A year or so later at a PAA convention I met the late Roman Ross from Wisconsin Potato Introduction Station. I asked him if he know about these Peruvian potatoes and he replied that they had some a Sturgeon Bay, that they were know as amarillas and had manes like Careta, Yema de huevo, etc. He offered to send me some but suggested I use a couple of the 2x hybrids. One of those that I received was W5289-4 which was a 2x cross between Yema de huevo and 2x Katahdin, the former being of the S. phurja species. W5289-4 had quite rough tubers, smallish in size but deep yellow fleshed. So the “sheels" began to turn in my brain. Why not try to create a potato variety with normal size, shallow eyes, globular shape and yellow flesh. To attempt this I chose Norgleam from North Dakota which had excellent shape and size, very early and had attractive appearance. This cross was made in 1966. To my surprise true seed was produced and G6666 was “born”. It was from the 66th cross that year. In the first field tests of the family of sibling # 4 was retained for further testing and multiplication. So G6666-4y moved into regional trials at six locations for 3 years. It came up for licensing in 1980. I suggested the name YUKON (for the Yukon River and gold rush country) and Charlie Bishop suggested we add the word Gold so it officially became YUKON GOLD. To succeed I believed that Yukon gold would require good publicity. Harowsmith, a national magazine published and article I wrote called “There’s Gold in these hills”. Shortly after I was asked to do several interviews for TV and radio. I did one for a radio station in Yellowknife, N.W.T. Later the magazine American Vegetable Grower did an article “Yukon Gold goes upstairs” with the front page coverage. The biggest boost came when 2 large Ontario growers printed YUKON GOLD in large letters on their very attractive 10 lb paper packages sold in many supermarkets. This enabled customers, if they like the product, to come back and ask for the same variety by name.

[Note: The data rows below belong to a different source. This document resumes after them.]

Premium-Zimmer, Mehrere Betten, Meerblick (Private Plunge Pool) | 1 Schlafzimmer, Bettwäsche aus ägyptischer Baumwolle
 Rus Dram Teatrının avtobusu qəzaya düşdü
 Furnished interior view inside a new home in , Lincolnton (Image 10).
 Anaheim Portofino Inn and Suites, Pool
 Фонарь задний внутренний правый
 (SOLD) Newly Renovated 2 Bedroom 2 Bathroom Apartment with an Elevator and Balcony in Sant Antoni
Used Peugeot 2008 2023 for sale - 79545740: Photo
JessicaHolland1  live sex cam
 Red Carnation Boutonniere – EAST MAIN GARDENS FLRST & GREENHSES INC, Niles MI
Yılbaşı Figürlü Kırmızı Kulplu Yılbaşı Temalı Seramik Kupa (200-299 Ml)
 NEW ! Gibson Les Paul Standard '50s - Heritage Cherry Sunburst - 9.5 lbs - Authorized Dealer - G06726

Last summer I was asked by the Horticultural Science Department at the University of Guelph to give an interview re: Yukon Gold to a free-lance reporter from California.  She informed me that this new potato variety was rapidly increasing in popularity in CA especially in restaurants. Much of CA’s seed potatoes was grown in Oregon and B.C.

A number of years ago I received a request for some seed tubers from the Sakata Seed Co. of CA. I passed this request on to Bud Wright. He sent some tubers of Yukon Gold to Sakata. They indicated they would likely send some seed tubers to their home base in Yokohama, Japan. I have no word if Yukon Gold has been distributed in the Pacific rim or not. I recently wrote to Sakata in CA but got no reply.

I am afraid I do not have listings, dates, etc. of where “my” varieties are now grown abroad. The exception is the Scandinavian countries. To save further writing I will send you a copy of my letter from Sweden from Prof. Jari Valkonen. I agree it would be very worthwhile to have a history of Canadian-bred potato varieties introduced and grown abroad. Contacting foreign embassies and the Agricultural Ataches might be helpful. I did have a letter from an Austrailian official re: Trent. A French fry company near Melboure was contracting it out for their French fry production.

I am sorry this is so rambling. This is the first time I have written about the situation etc. which prompted me to try and produce a useful, yellow-fleshed potato variety which at least would be welcomed by our new Canadians from Europe.